The Jakarta Post reports that two clinics are now in operation in Bali dedicated to serving gay men, drug users and commercial sex workers as part of efforts to curb the number of HIV/AIDS cases on the island.
A clinic located on Jalan Kalianget No. 3 in Kuta is focused on serving the gay community with general healthcare, laboratory testing and HIV counseling. Funded by individual and institutional donations, the clinic is supervised by Dr. DN Wirawan.
Another clinic, the Kerthi Praja Health Center located in Sesetan, South Denpasar seeks to serve transvestites and sex workers from the Sanur, Nusa Dua and Benoa Harbor areas.
Dr. Wirawan said that one high-risk group that remains outside the reach of community health care initiatives are the customers of commercial sex workers who are seen as a major source of new HIV infections. Less than 30% of the estimated 80,000 customers of commercial sex workers in Bali have been touched by free condoms programs and basic health education.
Efforts, however, to educate sex-workers have been more successful. An estimated 90% of Bali’s sex workers have received counseling and education on safe sex practices. Some 6,000 sex workers have also received medical treatment from ongoing community health projects.

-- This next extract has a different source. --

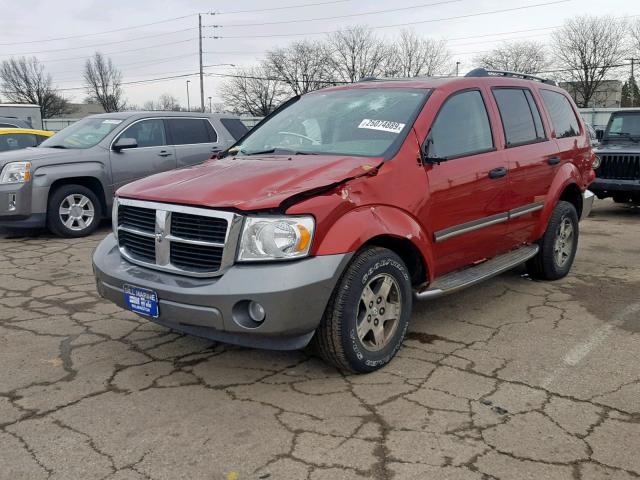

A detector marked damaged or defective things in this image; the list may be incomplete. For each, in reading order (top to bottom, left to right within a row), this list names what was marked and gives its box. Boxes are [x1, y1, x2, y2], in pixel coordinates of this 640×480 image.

damaged hood [117, 154, 380, 210]
cracked asphalt [1, 199, 640, 480]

Surprisingly, HIV/AIDS activists blame frequent raids by police and local officials on prostitution centers as having had a negative effect of reducing the effectiveness of public health education and outreach programs by driving sex workers underground.
Bali has five medical centers dedicated to serving intravenous drug users. These centers provide addiction therapy, HIV counseling, Methadone therapy and HIV testing. Officials claim the easier access to healthcare for intravenous drug users has managed to dramatically reduce the number of new HIV infections linkes to drug use. But, while cases of HIV among homosexuals
and drug users in Bali are on the decline, cases among heterosexuals have increased 74%.